Dès lors, tout se met à vaciller : entrer en rencontre nécessaire avec la non-philosophie serait-ce donc savoir sans savoir, voir sans comprendre, comprendre sans savoir, et " sortir sans sortir " selon la belle formule du poète Ghérasim Luca ? Le premier sens de ce numéro Deleuze de la revue Europe serait d'essayer de démêler ces questions (non de les résoudre, mais de les penser, de les diffracter, et peut-être de les pousser plus loin) en respectant d'abord et autant qu'il est possible les multiples manières dont Deleuze a pu tisser ce rapport si troublant à la littérature, au cinéma, aux arts plastiques, à la politique, à l 'économie, à la psychanalyse...

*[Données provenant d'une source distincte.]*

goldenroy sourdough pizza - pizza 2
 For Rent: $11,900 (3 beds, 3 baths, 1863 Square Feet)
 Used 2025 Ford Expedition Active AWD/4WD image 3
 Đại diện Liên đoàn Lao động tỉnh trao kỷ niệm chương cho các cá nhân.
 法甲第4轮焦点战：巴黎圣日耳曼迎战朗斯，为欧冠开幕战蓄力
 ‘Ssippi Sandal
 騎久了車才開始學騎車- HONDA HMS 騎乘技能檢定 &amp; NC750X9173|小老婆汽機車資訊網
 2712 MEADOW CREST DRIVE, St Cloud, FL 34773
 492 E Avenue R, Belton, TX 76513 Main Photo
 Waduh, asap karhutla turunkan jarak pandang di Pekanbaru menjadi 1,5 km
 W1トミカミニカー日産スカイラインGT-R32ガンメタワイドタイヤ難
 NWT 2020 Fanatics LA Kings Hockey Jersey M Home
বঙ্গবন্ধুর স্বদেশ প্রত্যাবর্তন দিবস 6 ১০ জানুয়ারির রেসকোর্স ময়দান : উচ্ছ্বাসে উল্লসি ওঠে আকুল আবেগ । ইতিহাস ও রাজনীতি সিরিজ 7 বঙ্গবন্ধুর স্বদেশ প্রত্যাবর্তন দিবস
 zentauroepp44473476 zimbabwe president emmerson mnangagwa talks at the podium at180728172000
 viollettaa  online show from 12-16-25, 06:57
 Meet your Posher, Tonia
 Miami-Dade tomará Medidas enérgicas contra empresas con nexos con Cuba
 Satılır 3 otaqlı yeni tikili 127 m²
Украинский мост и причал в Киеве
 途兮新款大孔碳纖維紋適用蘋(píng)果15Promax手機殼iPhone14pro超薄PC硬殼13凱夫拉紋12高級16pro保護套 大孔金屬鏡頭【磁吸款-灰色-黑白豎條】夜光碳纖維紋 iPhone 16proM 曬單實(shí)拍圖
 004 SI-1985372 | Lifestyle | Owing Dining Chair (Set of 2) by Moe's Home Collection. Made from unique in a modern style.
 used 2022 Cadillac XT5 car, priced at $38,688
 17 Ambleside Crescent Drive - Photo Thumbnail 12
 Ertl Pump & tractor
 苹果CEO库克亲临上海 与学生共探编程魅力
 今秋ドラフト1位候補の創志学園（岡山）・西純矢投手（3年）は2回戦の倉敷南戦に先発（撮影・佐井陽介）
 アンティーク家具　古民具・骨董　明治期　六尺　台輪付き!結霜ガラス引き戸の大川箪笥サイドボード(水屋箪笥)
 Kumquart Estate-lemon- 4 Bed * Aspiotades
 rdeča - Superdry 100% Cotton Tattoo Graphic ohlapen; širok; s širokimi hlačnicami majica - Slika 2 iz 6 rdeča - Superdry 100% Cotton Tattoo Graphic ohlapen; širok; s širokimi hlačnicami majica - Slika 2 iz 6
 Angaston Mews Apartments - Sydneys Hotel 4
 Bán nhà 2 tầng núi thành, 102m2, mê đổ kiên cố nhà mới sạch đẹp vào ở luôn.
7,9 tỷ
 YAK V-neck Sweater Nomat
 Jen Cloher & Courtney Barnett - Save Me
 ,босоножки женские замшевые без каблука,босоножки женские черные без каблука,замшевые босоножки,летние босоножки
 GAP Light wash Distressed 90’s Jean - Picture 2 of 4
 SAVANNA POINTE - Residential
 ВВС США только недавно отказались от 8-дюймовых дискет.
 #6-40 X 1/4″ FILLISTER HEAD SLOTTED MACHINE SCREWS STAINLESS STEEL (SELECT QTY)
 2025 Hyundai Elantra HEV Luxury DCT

Il s'agit simultanément de rendre Deleuze à sa sauvagerie ou au caractère volcanique, inassignable, fragmentaire et à jamais problématique de sa philosophie. A rebours, il importe aussi de tenir compte des multiples manières dont des " non-philosophes " (écrivains, cinéastes, musiciens, psychanalystes, militants politiques, logiciens...) peuvent se rapporter à Deleuze et y trouver, d'une façon ou d'une autre, leur miel.
Car le rapport de Deleuze à la non-philosophie fonctionne aussi dans l'autre sens. Et il est essentiel de comprendre comment.